Last night I got a Ping and saw passanger's rating was 4.2 lol
I'll try to screen capture it next time
I just stared at her rating for whole 15 second making sure my eyesight is correct and what I'm seeing is the actual correct number.


----------



## Adbam (Jun 25, 2015)

Your chicken and waffle pic looks delicious now I'm hungry. But you must be a little new because I've seen 5 to 10 pax with 3.* ratings. Usually it involves throw up and few other bad rides.


----------



## flameoff (Jul 10, 2015)

Adbam said:


> Your chicken and waffle pic looks delicious now I'm hungry. But you must be a little new because I've seen 5 to 10 pax with 3.* ratings. Usually it involves throw up and few other bad rides.


Oh boy....don't want to see that happends. So Uber just put up the passanger rating system for comfort the drivers but not really damaging thier business reputation. That's really clever!!! (no sarcasm just amazed)


----------



## Adbam (Jun 25, 2015)

On top of that if a pax complains to Uber enough they will reset the pax rating to 5 stars.


----------



## LAJB (Feb 3, 2015)

flameoff said:


> Last night I got a Ping and saw passanger's rating was 4.2 lol
> I'll try to screen capture it next time
> I just stared at her rating for whole 15 second making sure my eyesight is correct and what I'm seeing is the actual correct number.


I've had pax with ratings as low as 1.5. I don't think the pax rating matters much.


----------



## flameoff (Jul 10, 2015)

Adbam said:


> On top of that if a pax complains to Uber enough they will reset the pax rating to 5 stars.


Now that's really sicks!!!!!


----------



## Another Uber Driver (May 27, 2015)

I have had a one and one-point-five or two.


----------



## Bart McCoy (Nov 4, 2014)

pax ratings dont matter. at all. as long as they are paying for rides, they will ride until rating is 1.02


----------



## flameoff (Jul 10, 2015)

Bart McCoy said:


> pax ratings dont matter. at all. as long as they are paying for rides, they will ride until rating is 1.02


I always thought rating matters to the PAX as well....another shocking truth smh


----------



## Peterson (Jul 9, 2015)

Yesterday I got a pax - half drunk lady, with rating 3.6. She told now she lows Uber since her driver license suspended for 5 years. Ride was ok.

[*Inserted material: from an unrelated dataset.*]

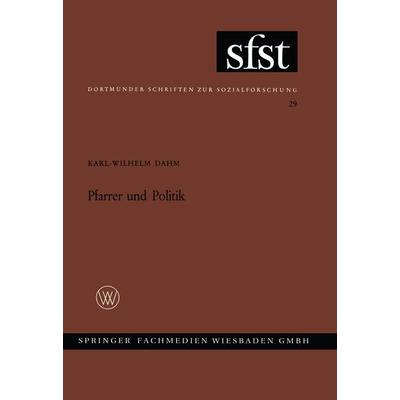 Pfarrer und Politik, Taschenbuch von Karl-Wilhelm Dahm, VS Verlag für Sozialwissenschaften, 978-3-663-00908-5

I got 1* rating between other 5*s and I almost sure its from her.


----------



## Danz Haagen (Feb 11, 2015)

flameoff said:


> Last night I got a Ping and saw passanger's rating was 4.2 lol
> I'll try to screen capture it next time
> I just stared at her rating for whole 15 second making sure my eyesight is correct and what I'm seeing is the actual correct number.

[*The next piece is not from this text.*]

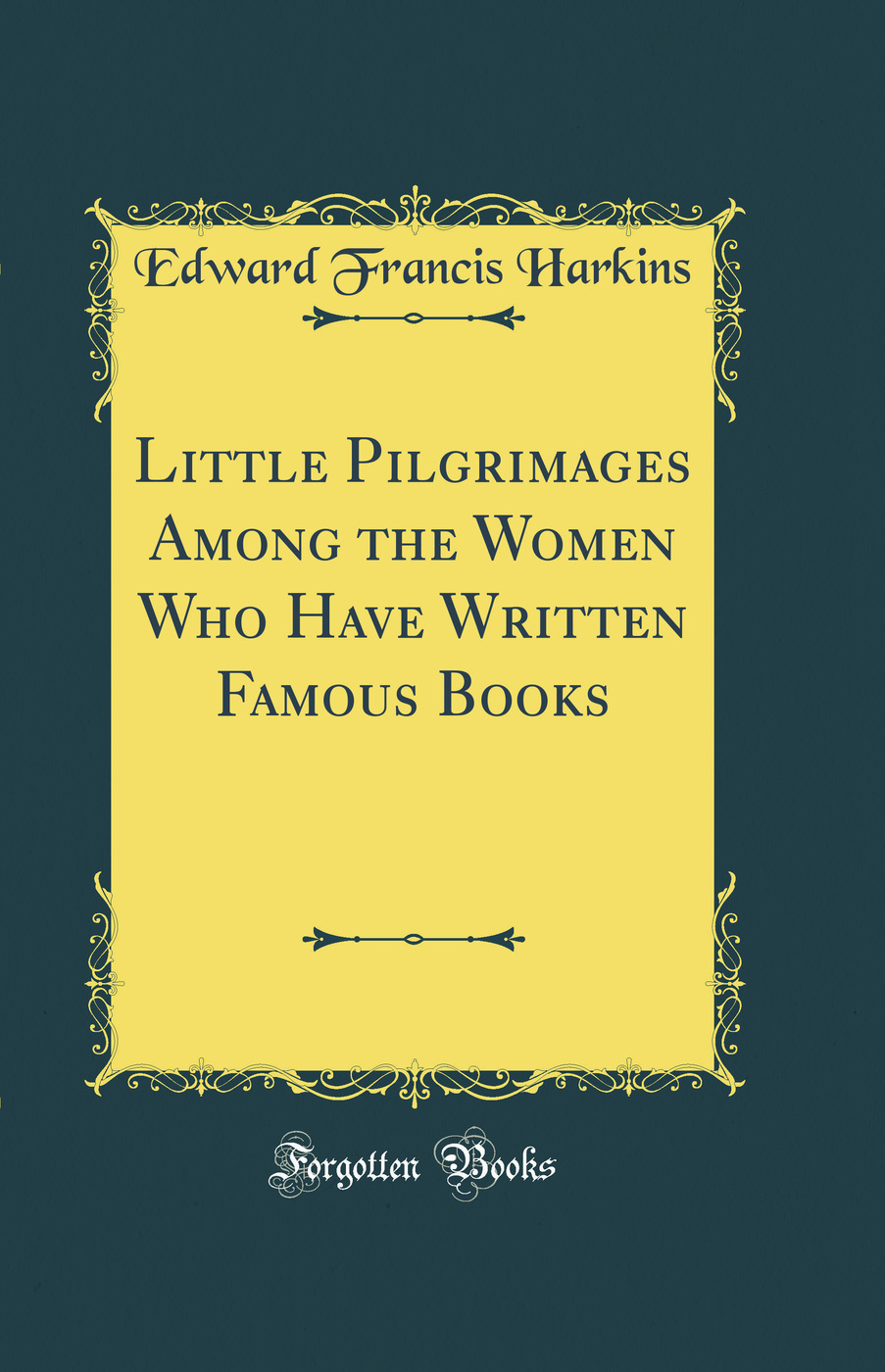 Little Pilgrimages Among the Women Who Have Written Famous Books (Classic Reprint)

lol, i have seen pax with 3.5. i decided to pick her up just for curiosity. she turned out to be ok, only brought food in the car, and sat quietly the whole time.


----------



## Uber Kraus (Jun 10, 2015)

Danz Haagen said:


> lol, i have seen pax with 3.5. i decided to pick her up just for curiosity. she turned out to be ok, only brought food in the car, and sat quietly the whole time.


Yeah, I've done a few 3s before. Only day time though...


----------



## G3tOv3rH3r3 (Jul 3, 2015)

I saw a 3 the other day, and I stared in awe as I watched the blue timer ping away.


----------